It appears to me the second and third backup iteration are executed mereley seconds between each other, so this might be a race condition, too (checkpoint file not closed and flushed to disk already)

mortenmathiasen commented 1 year ago

I made a pull request which fix'es the problem - does that make sense?

mortenmathiasen commented 1 year ago

It is not a race condition. I run into the same problem later on too.

abbbi commented 1 year ago

the second backup run ends at 06:38:37

[2022-12-27 06:38:37] INFO virtnbdbackup - main [MainThread]: Finished successfully

and the third backup run starts at exactly the same moment:

[2022-12-27 06:38:37] INFO common - printVersion [MainThread]: Version: 1.9.9 Arguments: /bin/virtnbdbackup -U qemu+ssh://root@host1/system --ssh-user root -d almalinux -o /data/backup/virtualmachines/almalinux/ -l auto

so i suspect some race condition between the finishing process and the starting backup process. on libvirt side everything is settled, but it may seem the checkpoint files and the checkpoint .cpt file may not already be flushed to disk, so the third run refers to the same checkpoint.

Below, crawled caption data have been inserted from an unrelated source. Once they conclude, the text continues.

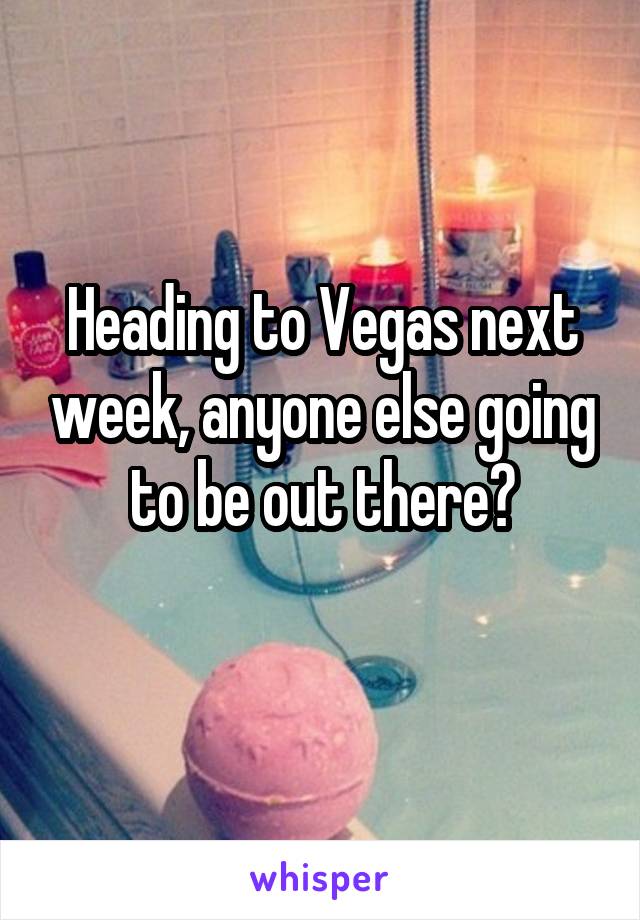 Heading to Vegas next week, anyone else going to be out there?
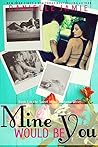 Mine Would Be You by Danielle Jamie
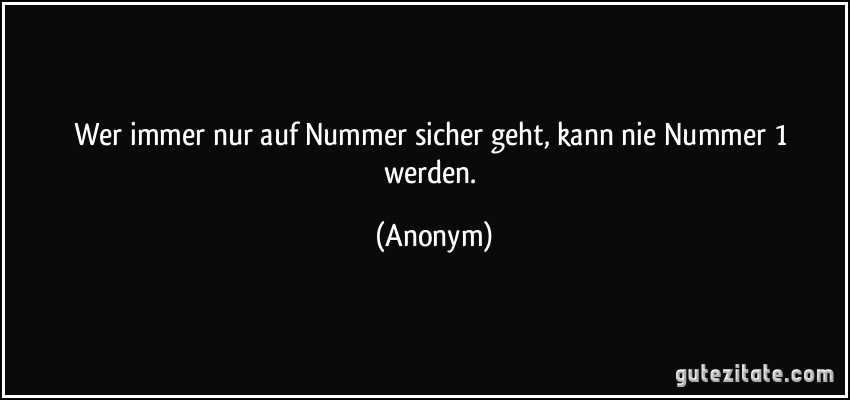 Wer immer nur auf Nummer sicher geht, kann nie Nummer 1 werden. (Anonym)
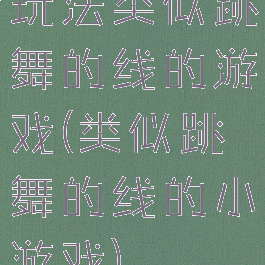 玩法类似跳舞的线的游戏(类似跳舞的线的小游戏)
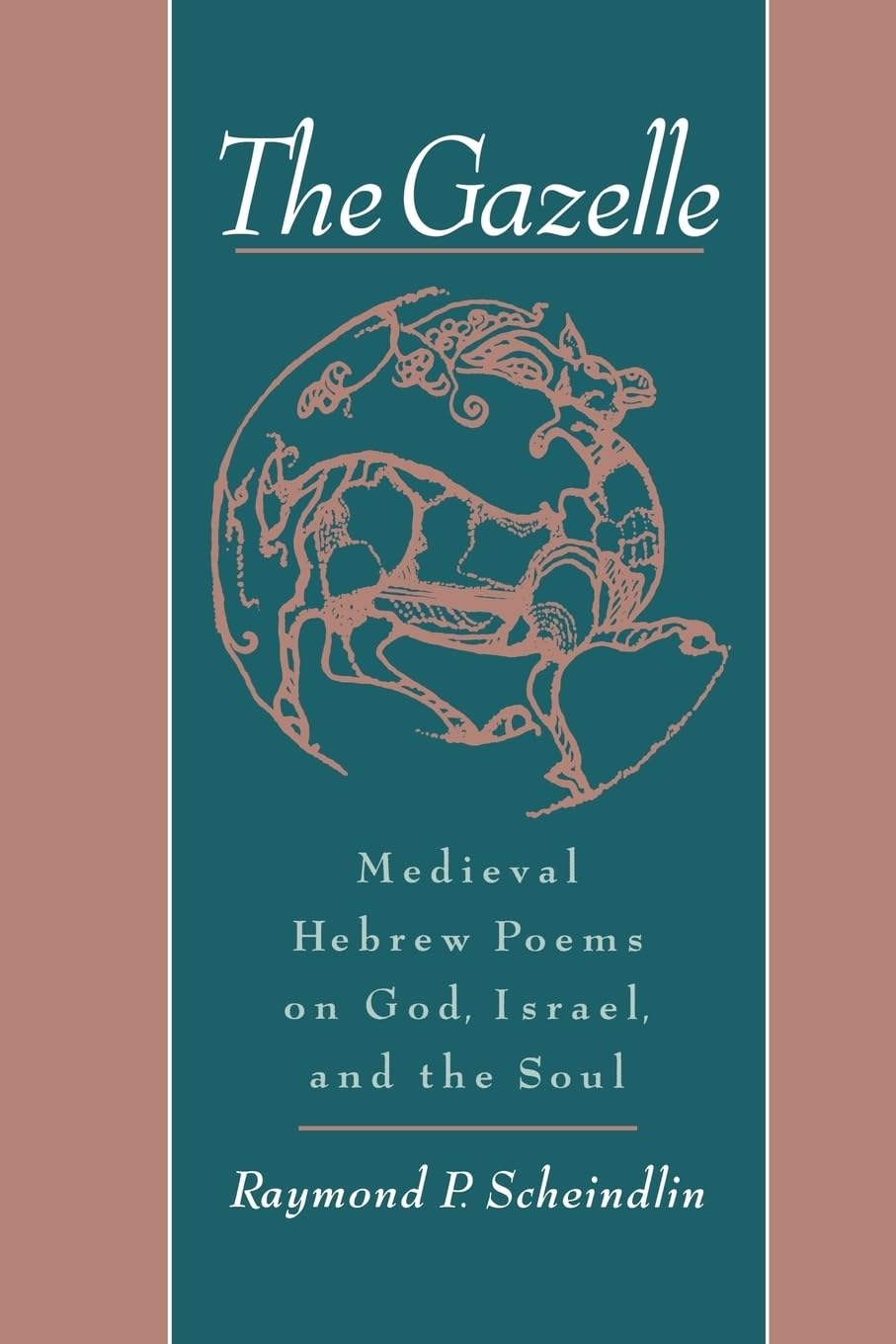 The Gazelle: Medieval Hebrew Poems on God, Israel, and the Soul,Used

Are you execetuting these in seperate terminals??

abbbi commented 1 year ago

I made a pull request which fix'es the problem - does that make sense?

not really, because the checkpoint information of the second backup run is used to calculate the next checkpoint name. At this point, it seems the utility is simply not knowing about the past backup task. I try to reproduce on my system but i cant...

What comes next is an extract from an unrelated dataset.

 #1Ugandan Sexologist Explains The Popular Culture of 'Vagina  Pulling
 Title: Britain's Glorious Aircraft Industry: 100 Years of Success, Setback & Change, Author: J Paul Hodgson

mortenmathiasen commented 1 year ago

I ran the 3 backups from scricpt originally. Now I ran them manually by hand, which solves the problem! You were right, it must be a race condition.

abbbi commented 1 year ago

could think about creating a lock file while a backup run is active to prevent such situations, but then its quite uncommon to start backups so fast this race might appear.

mortenmathiasen commented 1 year ago

Sorry, the error persists. I thought it was fixed by running the backups manually, but the fix relied upon using my patch from the pull request. Below wihtout any patch you see the error again on manually execution and the stored checkpoints after each run.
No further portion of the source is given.